Task to carry out: Output the data below exactly as it is, dropping the pictures from your copy.
*** Provided data ***
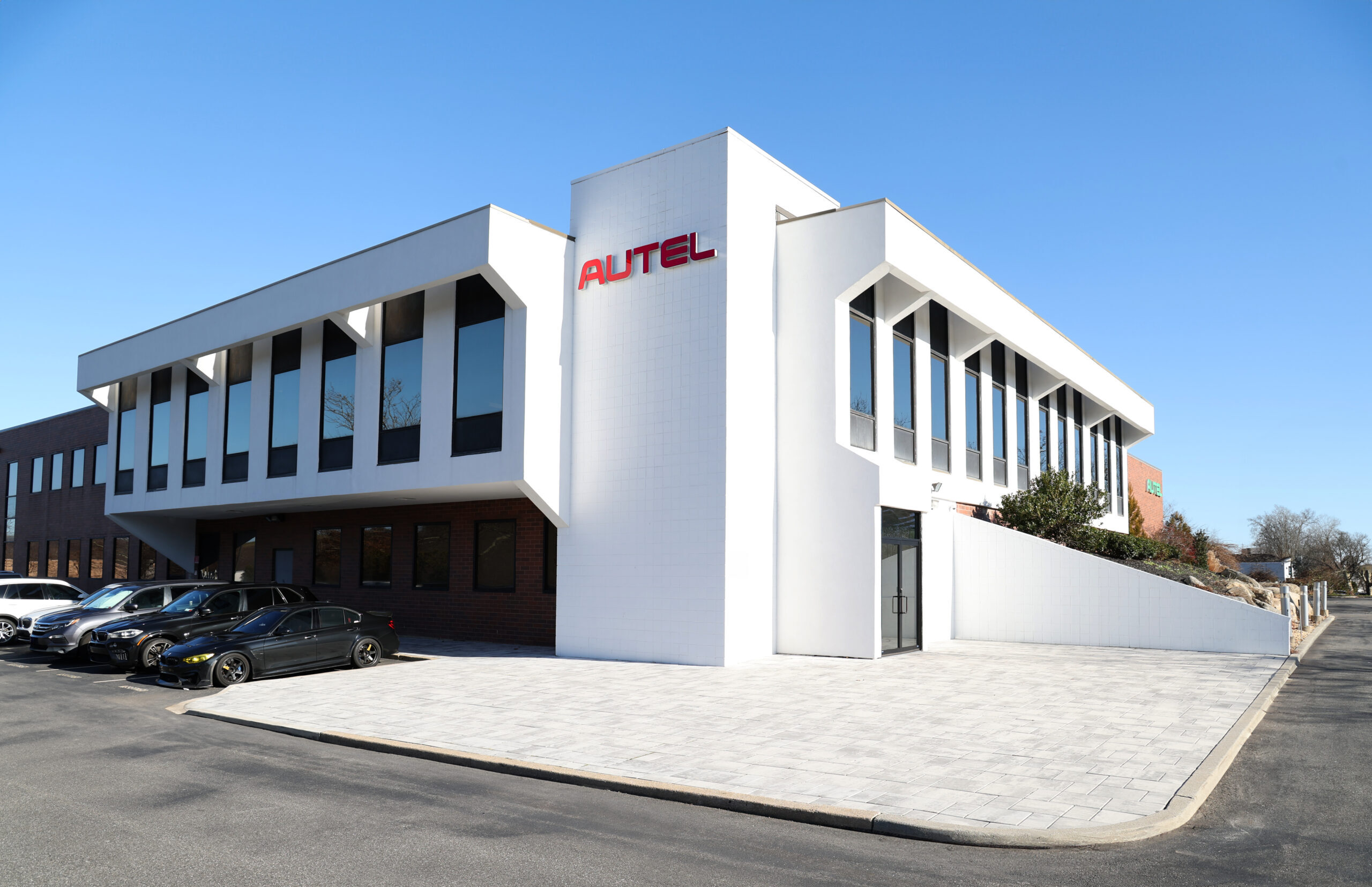 Autel Building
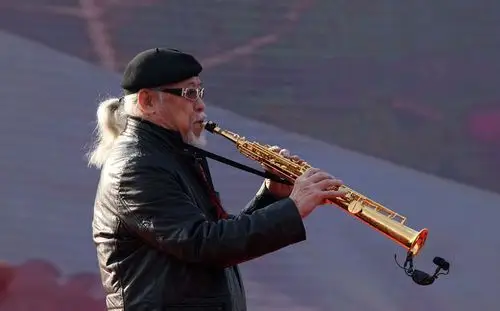 抓拍萨克斯演奏家"老树皮"——范圣琦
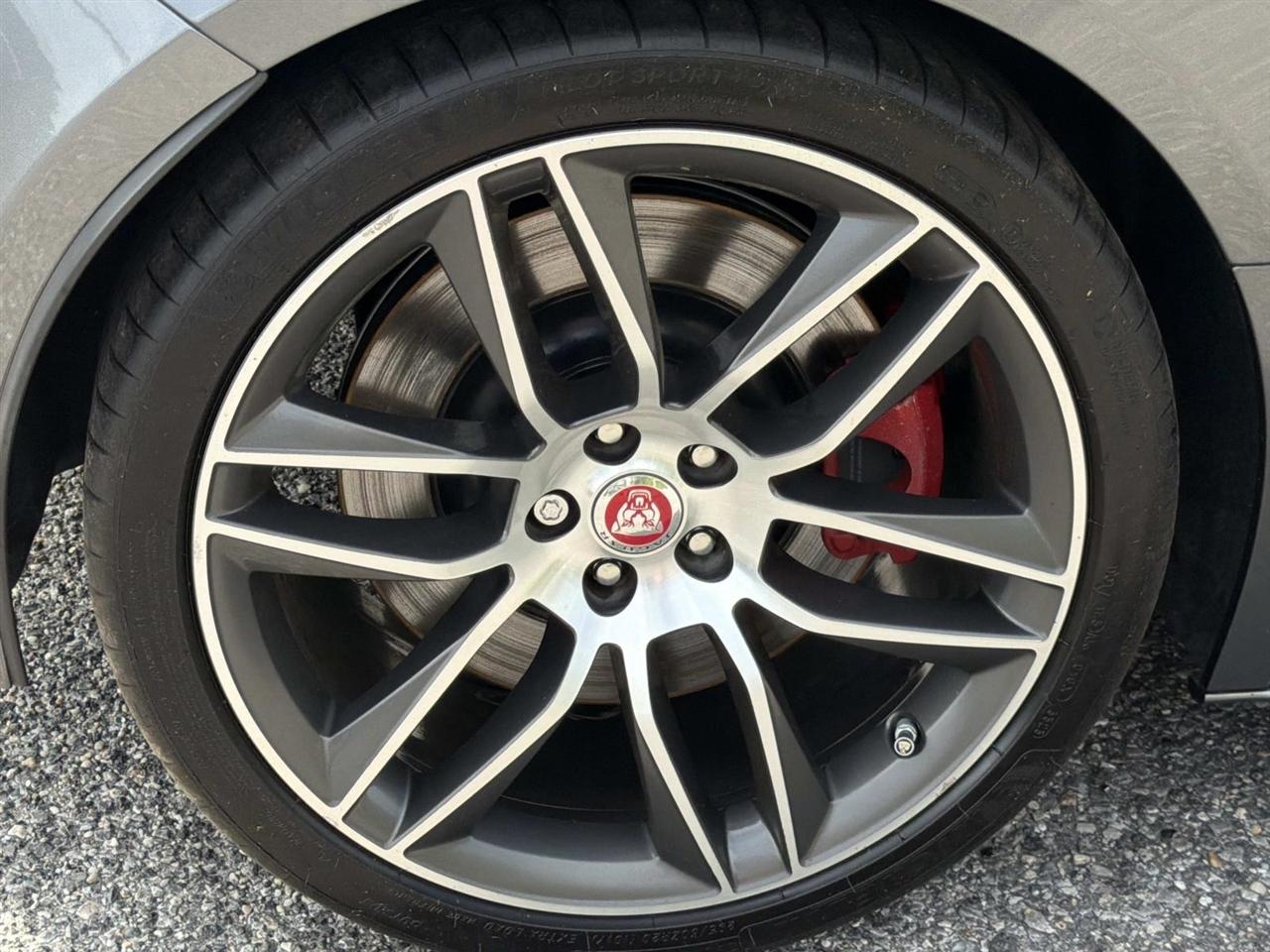 Jaguar F-Type Coupe Auto R AWD 2017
***
Solution to the problem:
 Autel Building
 抓拍萨克斯演奏家"老树皮"——范圣琦
 Jaguar F-Type Coupe Auto R AWD 2017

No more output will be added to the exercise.